Et quel bilan en tirer pour l'Europe ? S'il y a 100 ans le gouvernement britannique était en faveur de la création d'un Etat Juif, comment expliquer la vague antisioniste (voir antisémite) qui traverse le parti travailliste britannique aujourd'hui ? Quelle a été l' évolution des mentalités en Grande Bretagne ?

Entre 1949 et 1956, les rapports furent mauvais entre le tout Etat juif et l'ancienne puissance mandataire accusée par celui-ci d'avoir trahi la lettre et l'esprit de la Déclaration Balfour dans les années 1930 et 1940. Après la campagne de Suez, les choses s'arrangèrent et les eux Etats sont officiellement amis depuis.
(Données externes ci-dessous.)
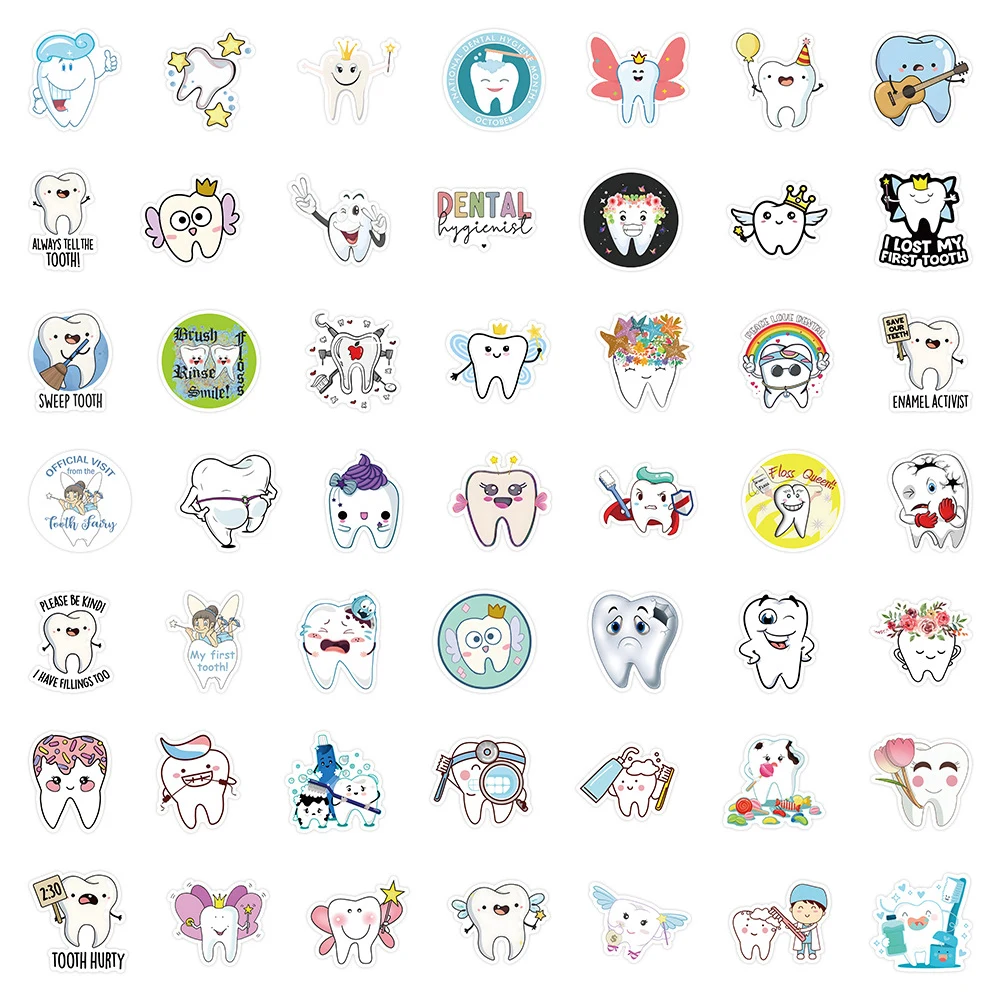 10/30/50pcs Protect Teeth Cartoon Stickers for Kids Waterproof Graffiti Laptop Stationery Luggage Waterproof Cute Sticker Packs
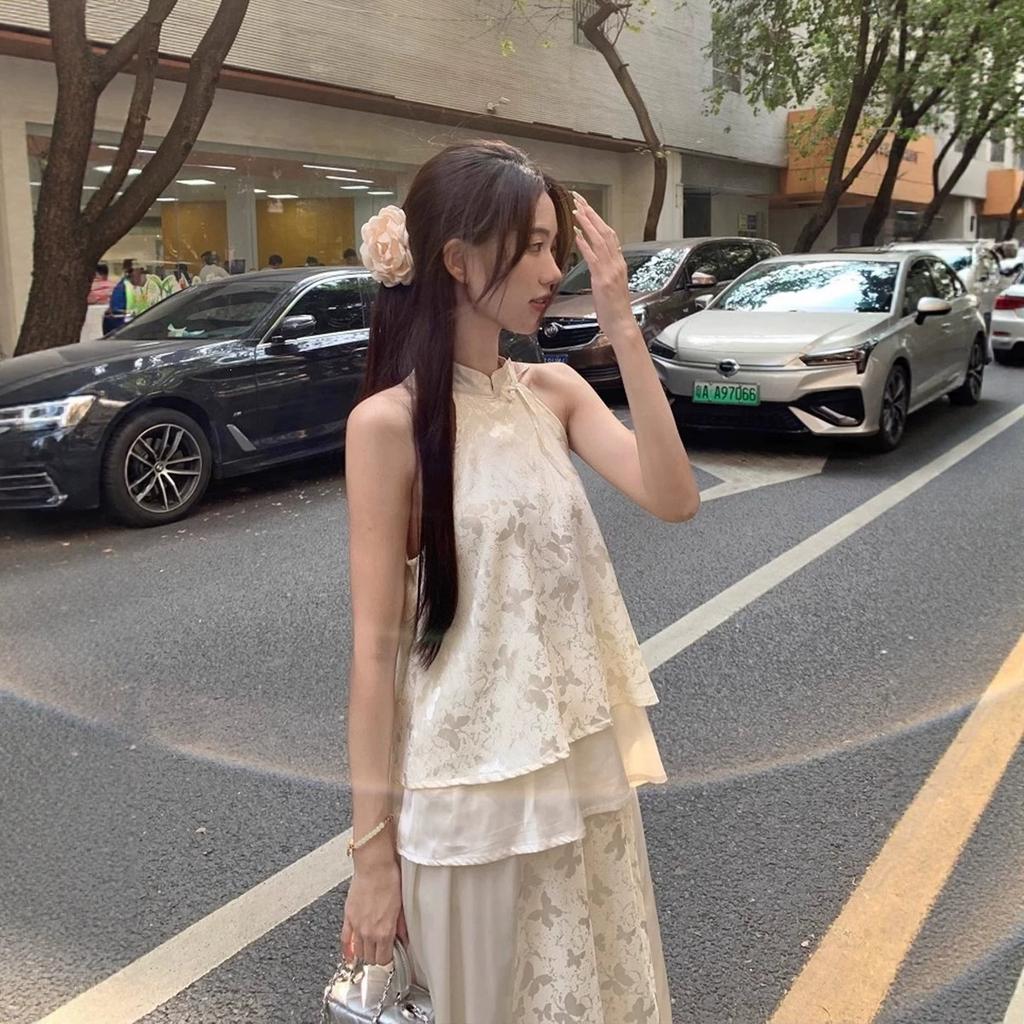 New Chinese Style Cheongsam, Cold Sense Zen Wear, a Complete Set of Neck Tops + Half-body Skirt Suit for Women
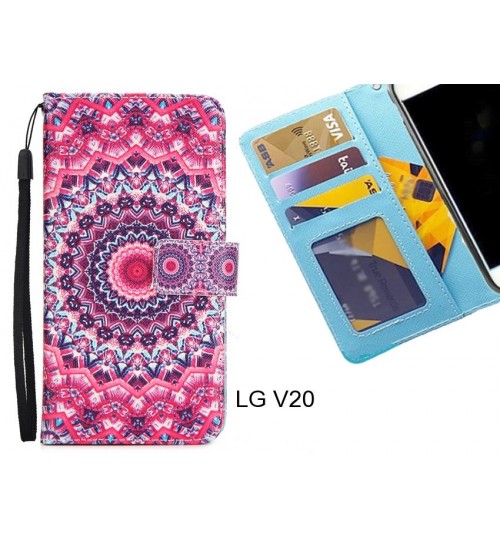 LG V20 case 3 card leather wallet case printed ID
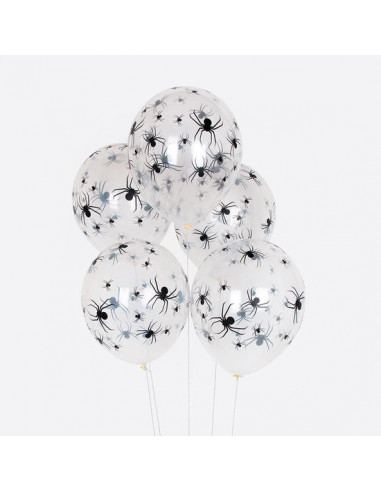Ballons de baudruche : 5 ballons tatoues araignees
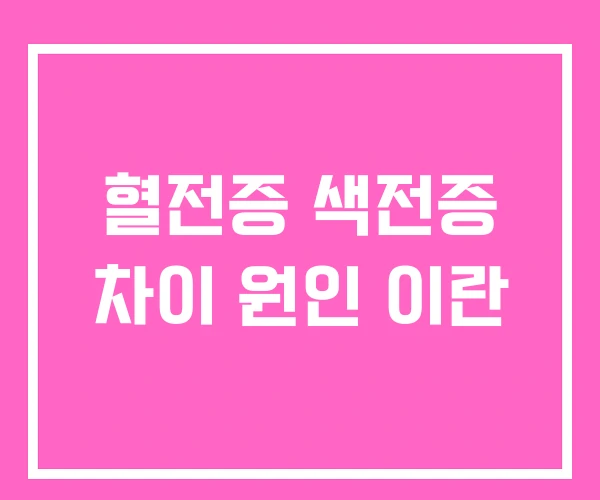 혈전증 색전증 차이 원인 이란 혈전증 색전증 차이 원인 이란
Cela dit, Berlin, Rome et même Paris depuis dix ans, sans parler de l'Europe de l'est et d'autres Etats occidentaux tels le Canada et l'Australie, entretiennent de meilleurs rapports avec Israël que le Royaume-Uni. Vous évoquez le parti travailliste ; je vous concède qu'il est traversé par un courant violemment antisioniste - voire pire - mais, d'une part, il ne vous aura pas échappé qu'il n'est pas aux affaires, et, d'autre part, le phénomène se retrouve dans d'autres gauches européennes plus ou moins radicales. Je retiendrai surtout que la première ministre s'est officiellement déclarée "fière" de célébrer l'anniversaire de la lettre, et qu'elle le fait en accueillant en grandes pompes son homologue israélien. Le geste est d'autant plus marquant qu'il s'inscrit dans un contexte de blocage du processus de paix israélo-palestinien, et que Benyamin Netanyahou est lui-même Likoud et à la tête d'une coalition nationaliste... Pour le reste, en plein Brexit et dans une atmosphère générale marquée par le terrorisme islamiste, je ne suis pas convaincu que l'opinion britannique accorde une grande importance à un fait historique somme toute assez mineur dans l'histoire du pays.  
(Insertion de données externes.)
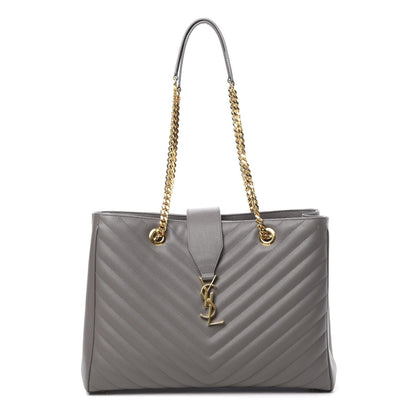 Saint Laurent Grain De Poudre Matelasse Chevron Monogram Shopping Bag Fog 1 of 10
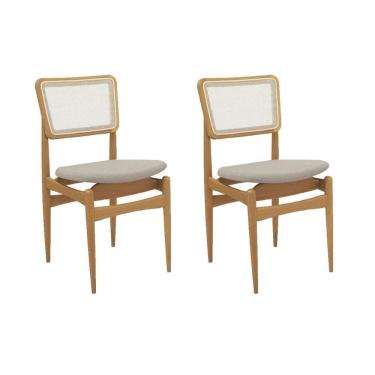Imagem de Cadeira Sala De Jantar Stela 1cmm013ca Premium Madeira Maciça Kit 2 Un Carvalho-linho Bege Caqui-tela Bege - Kappesberg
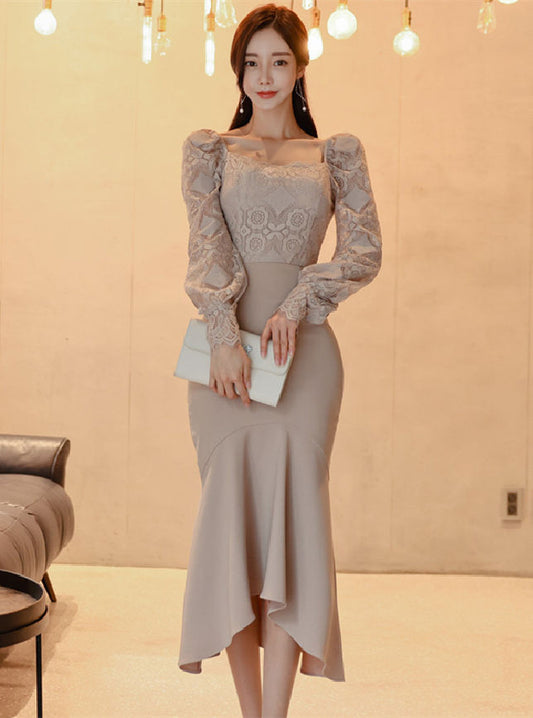 CM-SF101016 Women Elegant Seoul Style Lace Blouse With Fishtail Slim Long Skirt - Set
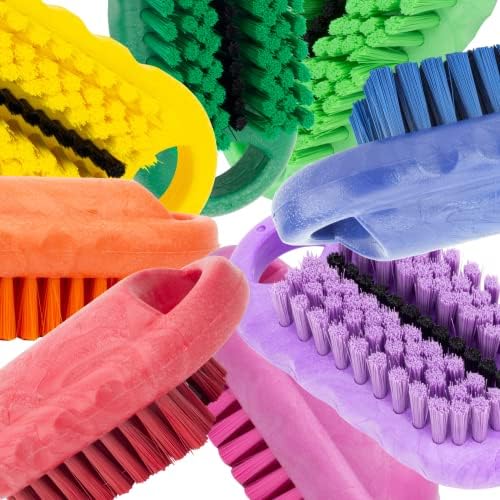 SPARTA 5 Inch Hand and Nail Brush with Stiff Center Bristles, Soft Outer Bristles, Larger Polypropylene Body, Color Coded Scrub Brush for Commercial Foodservice Use, Pink, Pack of 12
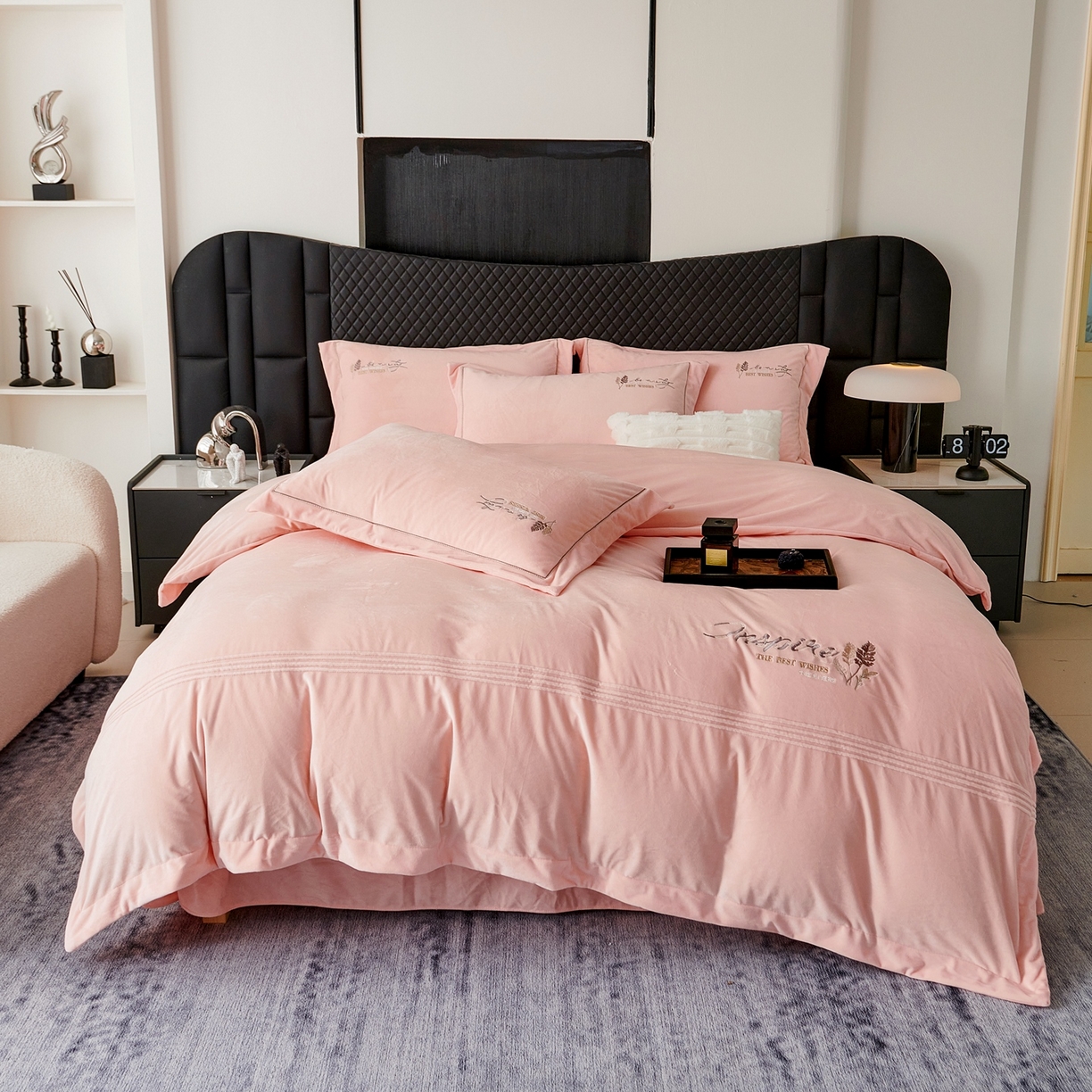 91家纺网 家纺一手货源 找家纺 优姿家纺 2025新款冬野9斤全消光婴肤绒保暖四件套 冬野-粉玉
Ne peut-t-on pas voir dans cette déclaration un acte unilatéral qui relève plus de la politique impériale britannique que d'un réel soutient ?
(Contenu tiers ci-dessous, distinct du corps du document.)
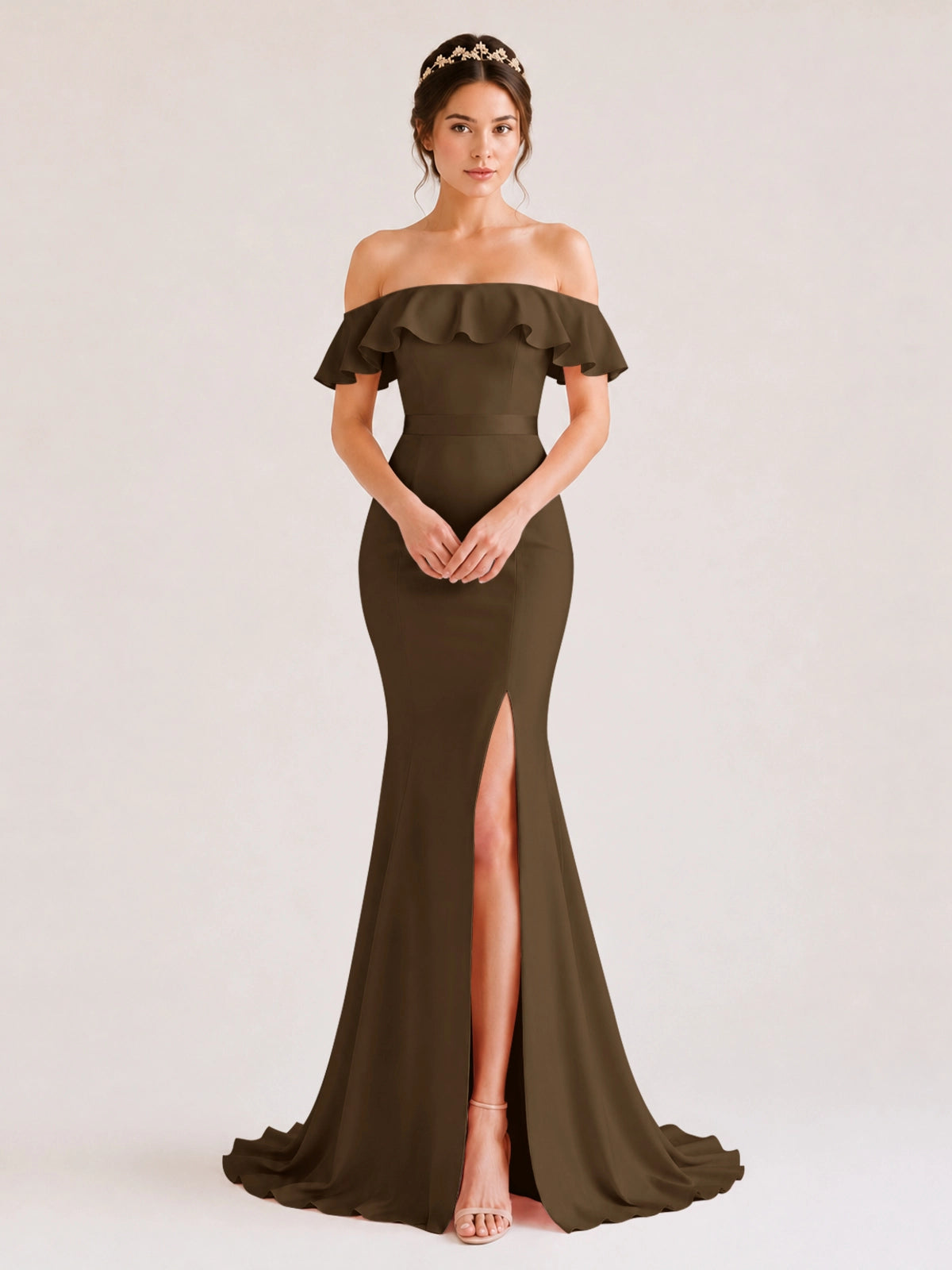 Mermaid Bridesmaid Dress with Ruffle Design 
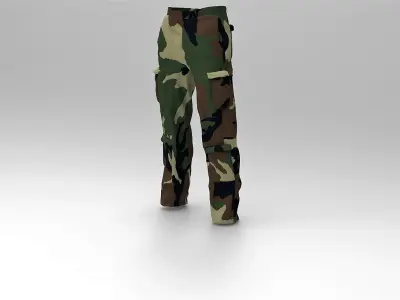 Military Pants Forest Camouflage Low-poly 3D model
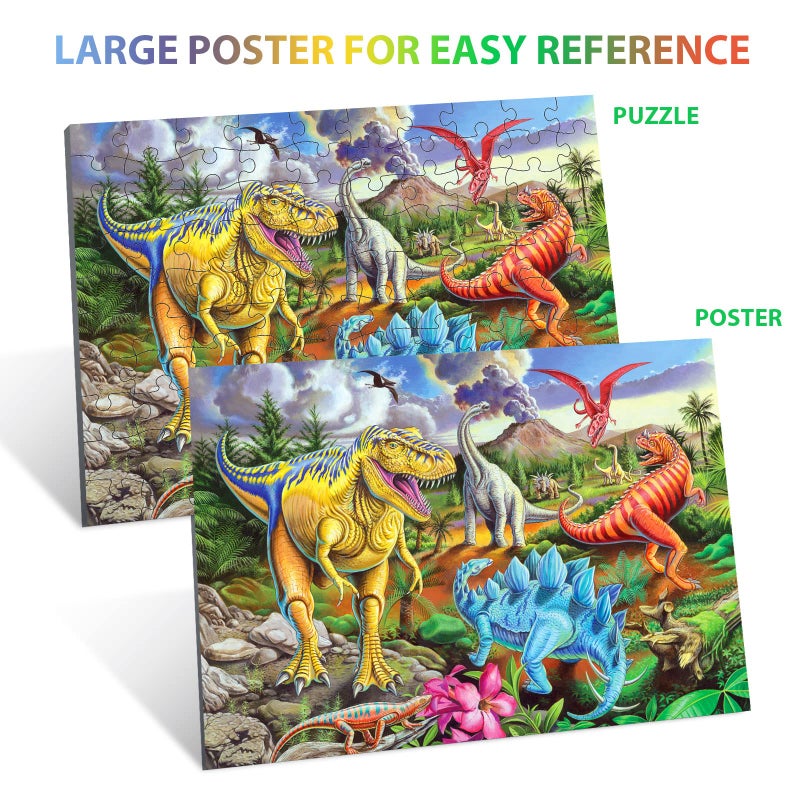 OSBOO Puzzles for Kids Ages 4-8  6-8  8-10  Kids Puzzles 100 Piece Big Dinosaur Floor Jigsaw Puzzle for Kids Children Educational Puzzles Toys for Young Boys and Girls - Image 2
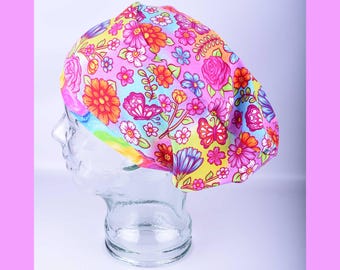 Butterfly Floral Scrub Cap | Colorful Flowers Surgical Hat for Nurses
Si vous me demandez s'il s'agissait d'un geste humanitaire ou moral en faveur d'un peuple si longtemps martyrisé ou démuni, je vous réponds en souriant avec Hegel que les Etats n'ont que des intérêts ! Surtout quand ils incarnent de grandes puissances impériales. Donc oui, bien entendu, la Déclaration Balfour procède d'une manoeuvre géopolitique. Vous savez, elle ne tombe pas du ciel, parce que le ministre britannique des Affaires étrangères est lui-même pro-sioniste, ou du fait que l'ingénieur militaire Haïm Weizmann, chef de l'Organisation sioniste, est très apprécié à la Cour ! Le soutien au sionisme de la Grande-Bretagne remonte aux dernières années du XIXè siècle, et a pour cause géopolitique principale la crainte que des centaines de milliers de jeunes Juifs déshérités et ségrégués dans l'Empire tsariste ne rejoignent les rangs des révolutionnaires marxistes. Avec Herzl et surtout Weizmann, des notables juifs modérés, pragmatiques, anglophiles (patriote britannique pour le second), Londres pensait pouvoir non seulement canaliser cette jeune masse juive russe vers un horizon politique non marxiste, et l'arracher à l'attrait pour le dangereux léninisme montant, mais aussi affaiblir concomitamment l'Empire ottoman adversaire puis ennemi. C'est dans ce projet géopolitique, extrêmement astucieux, qu'il faut voir la Déclaration ; je l'avais analysé dans l'un de mes précédents ouvrages intitulé Géopolitique du sionisme (Armand Colin, 2009). Mais, à la fin des fins, sa nature et son contexte ne changent rien et j'insiste : sans la puissante lame de fond du sionisme, c'est à dire cette détermination de nombreux Juifs (apparue dans la foulée du printemps des peuples européens) à se réapproprier la langue, les symboles, le système de lois et la terre promise (Eretz Israël) de leurs ancêtres hébreux, Balfour n'aurait rien déclaré du tout ! Les Britanniques n'auraient tout de même pas offert ou imposé à une population un territoire souverain malgré elle... Il se trouve que les intérêts britanniques et les revendications d'une partie du peuple juif ont coïncidé quelques décennies durant, et que dans cette période un alignement de circonstances géopolitiques lourdes s'est effectué en faveur de ce que Henry Laurens a appelé - en titre du tome 3 de sa remarquable Question de Palestine"l'accomplissement des prophéties". Avec ou sans Balfour, un Etat juif souverain serait né tôt ou tard. J'en suis tout à fait convaincu.